Problem requirements> Find "Front view of" and "Mandizy Toddler Baby" in the records below. Copy the lines holding them and every line between, exactly, and no others.

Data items
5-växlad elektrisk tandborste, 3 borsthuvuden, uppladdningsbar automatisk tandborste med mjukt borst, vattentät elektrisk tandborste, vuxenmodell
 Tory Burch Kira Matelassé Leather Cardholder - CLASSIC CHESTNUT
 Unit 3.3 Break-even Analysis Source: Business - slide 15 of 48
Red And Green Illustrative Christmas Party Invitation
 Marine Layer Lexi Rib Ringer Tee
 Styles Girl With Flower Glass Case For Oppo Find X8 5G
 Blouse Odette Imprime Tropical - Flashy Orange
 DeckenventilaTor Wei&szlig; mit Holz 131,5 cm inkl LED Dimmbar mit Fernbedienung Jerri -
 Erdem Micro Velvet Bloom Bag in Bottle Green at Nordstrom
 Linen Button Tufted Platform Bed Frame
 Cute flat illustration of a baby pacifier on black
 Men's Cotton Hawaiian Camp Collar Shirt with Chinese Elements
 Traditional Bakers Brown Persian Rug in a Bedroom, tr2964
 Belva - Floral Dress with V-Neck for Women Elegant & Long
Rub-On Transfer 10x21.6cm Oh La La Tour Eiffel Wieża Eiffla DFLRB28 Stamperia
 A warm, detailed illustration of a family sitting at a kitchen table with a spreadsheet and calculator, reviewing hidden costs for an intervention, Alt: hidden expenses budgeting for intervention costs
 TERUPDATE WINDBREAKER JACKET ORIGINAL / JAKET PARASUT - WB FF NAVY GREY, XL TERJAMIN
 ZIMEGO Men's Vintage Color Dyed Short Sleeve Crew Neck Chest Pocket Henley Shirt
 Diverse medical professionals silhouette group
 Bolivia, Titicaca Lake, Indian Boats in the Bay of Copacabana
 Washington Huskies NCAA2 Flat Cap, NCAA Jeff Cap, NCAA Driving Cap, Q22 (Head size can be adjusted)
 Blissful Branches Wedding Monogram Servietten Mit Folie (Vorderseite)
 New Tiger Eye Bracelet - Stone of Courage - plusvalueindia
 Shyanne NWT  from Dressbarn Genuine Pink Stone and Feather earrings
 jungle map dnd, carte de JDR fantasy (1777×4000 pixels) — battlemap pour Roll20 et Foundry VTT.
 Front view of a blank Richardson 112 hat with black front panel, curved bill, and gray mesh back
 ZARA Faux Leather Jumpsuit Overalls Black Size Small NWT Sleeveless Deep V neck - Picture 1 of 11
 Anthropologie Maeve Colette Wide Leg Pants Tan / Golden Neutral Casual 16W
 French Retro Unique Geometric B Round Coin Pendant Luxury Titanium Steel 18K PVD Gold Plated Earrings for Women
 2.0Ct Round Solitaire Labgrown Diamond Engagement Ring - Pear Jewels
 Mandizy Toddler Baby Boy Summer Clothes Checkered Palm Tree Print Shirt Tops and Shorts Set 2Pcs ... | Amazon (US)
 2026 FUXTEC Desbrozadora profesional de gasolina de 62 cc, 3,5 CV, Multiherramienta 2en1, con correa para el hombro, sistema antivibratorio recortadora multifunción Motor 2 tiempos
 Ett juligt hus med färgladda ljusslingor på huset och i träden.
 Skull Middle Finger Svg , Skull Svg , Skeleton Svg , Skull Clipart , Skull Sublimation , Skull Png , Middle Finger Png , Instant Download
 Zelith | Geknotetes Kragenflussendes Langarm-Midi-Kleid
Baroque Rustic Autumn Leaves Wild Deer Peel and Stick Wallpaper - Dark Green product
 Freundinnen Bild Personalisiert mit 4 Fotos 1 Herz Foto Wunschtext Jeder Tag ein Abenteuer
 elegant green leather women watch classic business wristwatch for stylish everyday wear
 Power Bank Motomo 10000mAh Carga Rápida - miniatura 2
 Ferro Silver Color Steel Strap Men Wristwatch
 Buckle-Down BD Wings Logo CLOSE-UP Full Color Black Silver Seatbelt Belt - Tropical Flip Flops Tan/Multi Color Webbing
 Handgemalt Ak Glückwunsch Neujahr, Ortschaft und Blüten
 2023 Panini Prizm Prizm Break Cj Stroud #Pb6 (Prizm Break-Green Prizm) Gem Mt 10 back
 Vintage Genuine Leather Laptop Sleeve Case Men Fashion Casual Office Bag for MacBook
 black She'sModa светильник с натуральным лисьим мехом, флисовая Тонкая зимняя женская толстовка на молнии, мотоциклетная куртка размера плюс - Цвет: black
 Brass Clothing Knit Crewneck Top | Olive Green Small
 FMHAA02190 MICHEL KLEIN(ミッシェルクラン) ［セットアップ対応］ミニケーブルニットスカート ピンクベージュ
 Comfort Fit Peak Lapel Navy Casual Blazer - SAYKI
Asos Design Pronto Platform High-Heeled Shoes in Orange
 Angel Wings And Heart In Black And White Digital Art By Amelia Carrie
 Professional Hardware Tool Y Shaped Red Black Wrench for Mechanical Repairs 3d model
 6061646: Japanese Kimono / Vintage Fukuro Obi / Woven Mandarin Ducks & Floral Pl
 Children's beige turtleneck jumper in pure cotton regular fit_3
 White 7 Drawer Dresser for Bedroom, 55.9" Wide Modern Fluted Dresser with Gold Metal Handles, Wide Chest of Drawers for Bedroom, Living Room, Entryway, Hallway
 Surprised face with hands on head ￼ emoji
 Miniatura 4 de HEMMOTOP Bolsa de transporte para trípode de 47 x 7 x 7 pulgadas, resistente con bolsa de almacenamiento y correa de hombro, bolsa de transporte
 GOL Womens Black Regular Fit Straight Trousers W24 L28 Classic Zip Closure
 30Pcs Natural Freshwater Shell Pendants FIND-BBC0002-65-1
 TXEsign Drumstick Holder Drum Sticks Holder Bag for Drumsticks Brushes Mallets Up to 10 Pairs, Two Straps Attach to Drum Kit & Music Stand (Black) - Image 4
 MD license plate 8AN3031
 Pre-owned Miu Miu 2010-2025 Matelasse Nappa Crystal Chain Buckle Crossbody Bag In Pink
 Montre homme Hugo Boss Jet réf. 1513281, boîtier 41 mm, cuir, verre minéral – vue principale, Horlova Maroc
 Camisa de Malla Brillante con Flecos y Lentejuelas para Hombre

Solution for this problem>
 Front view of a blank Richardson 112 hat with black front panel, curved bill, and gray mesh back
 ZARA Faux Leather Jumpsuit Overalls Black Size Small NWT Sleeveless Deep V neck - Picture 1 of 11
 Anthropologie Maeve Colette Wide Leg Pants Tan / Golden Neutral Casual 16W
 French Retro Unique Geometric B Round Coin Pendant Luxury Titanium Steel 18K PVD Gold Plated Earrings for Women
 2.0Ct Round Solitaire Labgrown Diamond Engagement Ring - Pear Jewels
 Mandizy Toddler Baby Boy Summer Clothes Checkered Palm Tree Print Shirt Tops and Shorts Set 2Pcs ... | Amazon (US)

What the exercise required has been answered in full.